## Exercise prompt
Transcribe the data exactly, pictures excluded.

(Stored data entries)
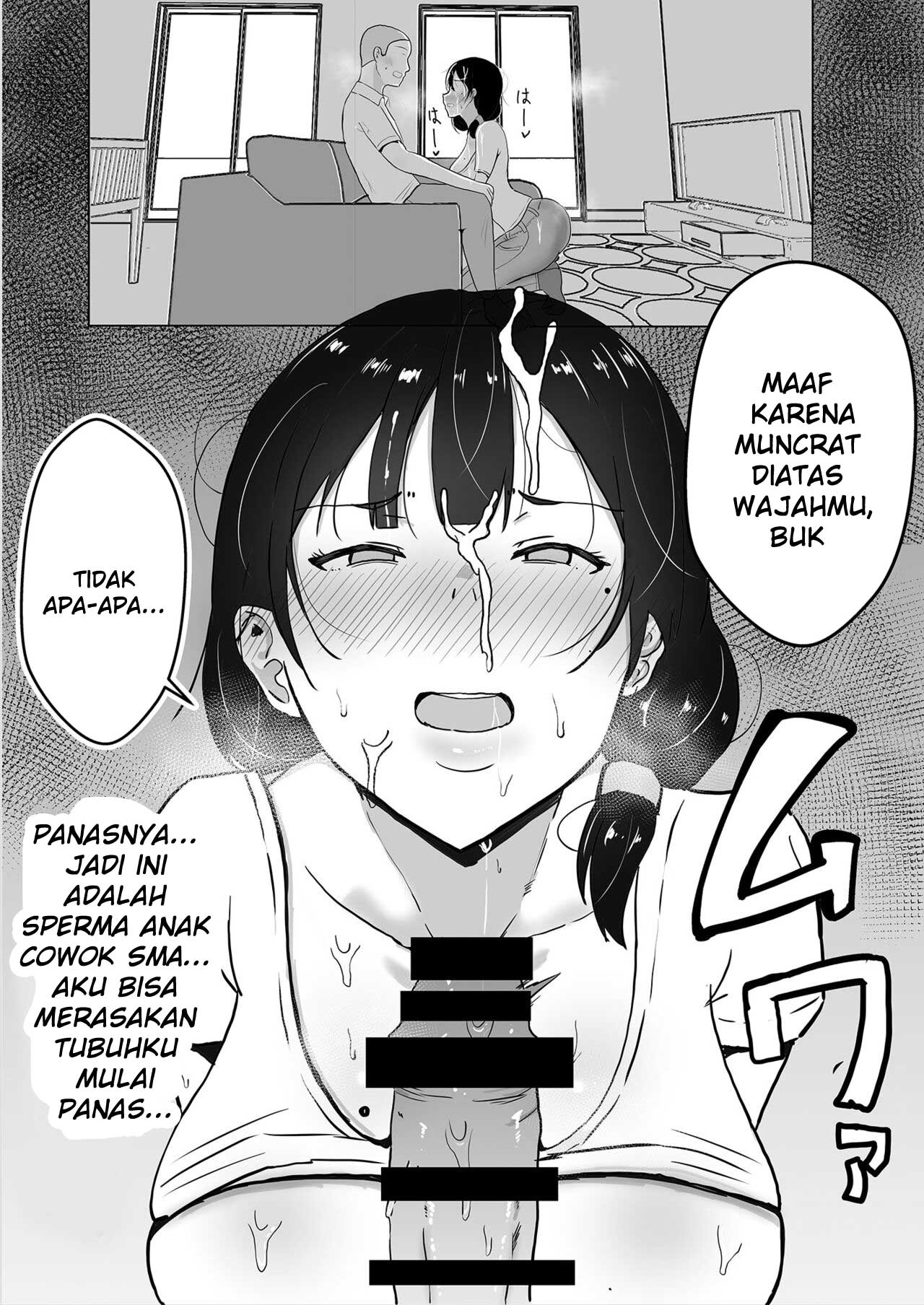 TomoKano Kaa-chan - Chapter 1 27 TomoKano Kaa-chan - Chapter 1 27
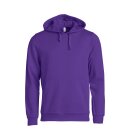 Basic Hoody - Bright Lilac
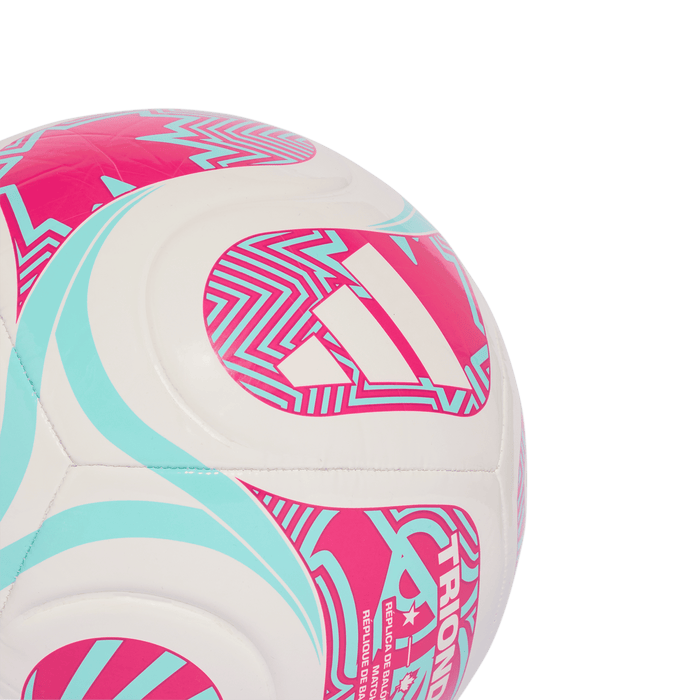 FIFA World Cup 2026 Trionda Club Ball (JD8054) EQUIPMENT Adidas
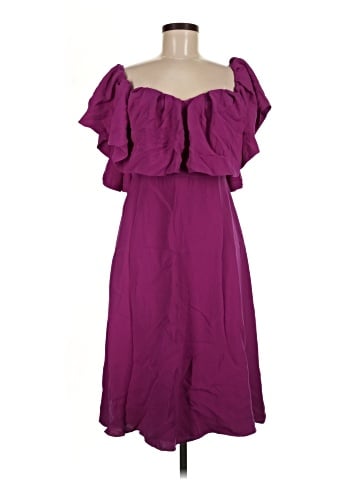 Lela Rose Casual Dress (view 1)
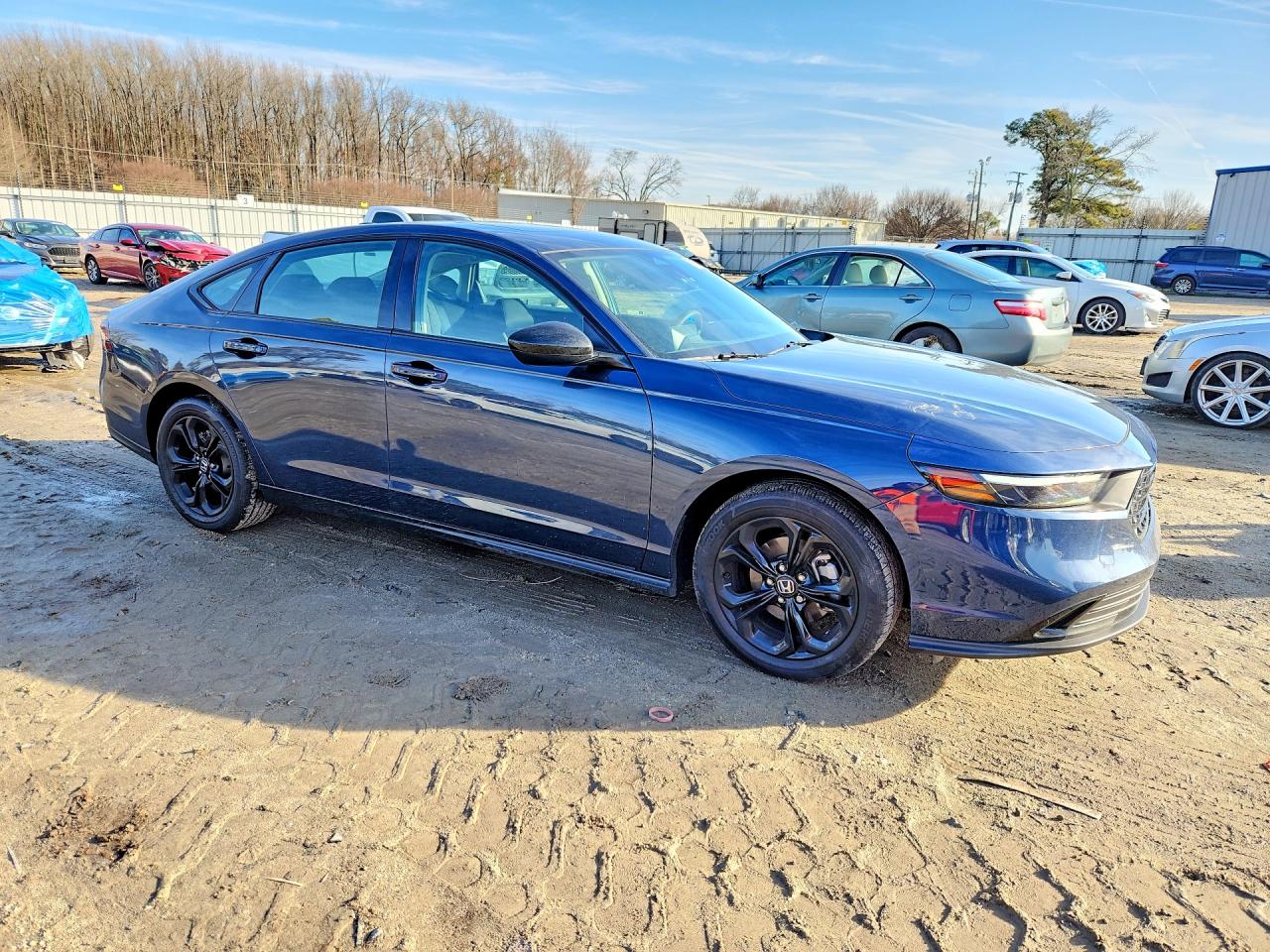 Honda Accord Se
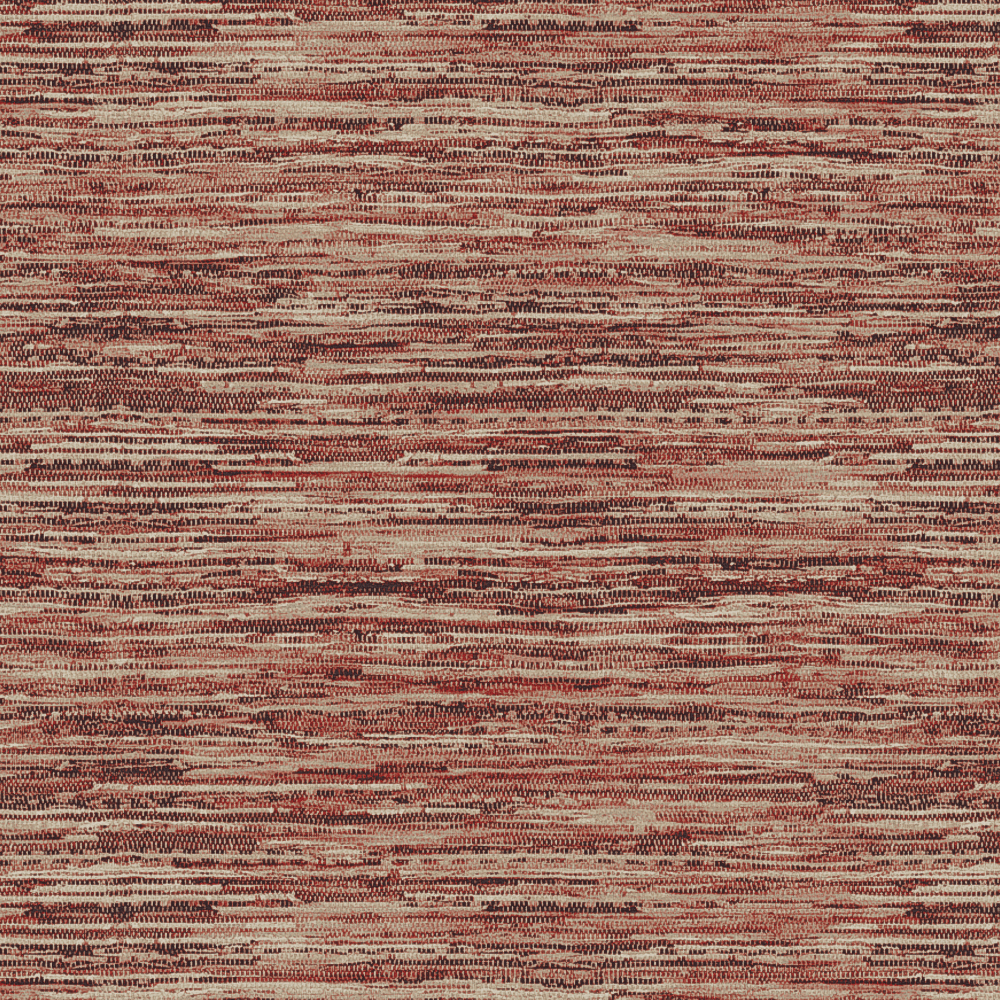 Handwoven Red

## Solved exercise
 TomoKano Kaa-chan - Chapter 1 27 TomoKano Kaa-chan - Chapter 1 27
 Basic Hoody - Bright Lilac
 FIFA World Cup 2026 Trionda Club Ball (JD8054) EQUIPMENT Adidas
 Lela Rose Casual Dress (view 1)
 Honda Accord Se
 Handwoven Red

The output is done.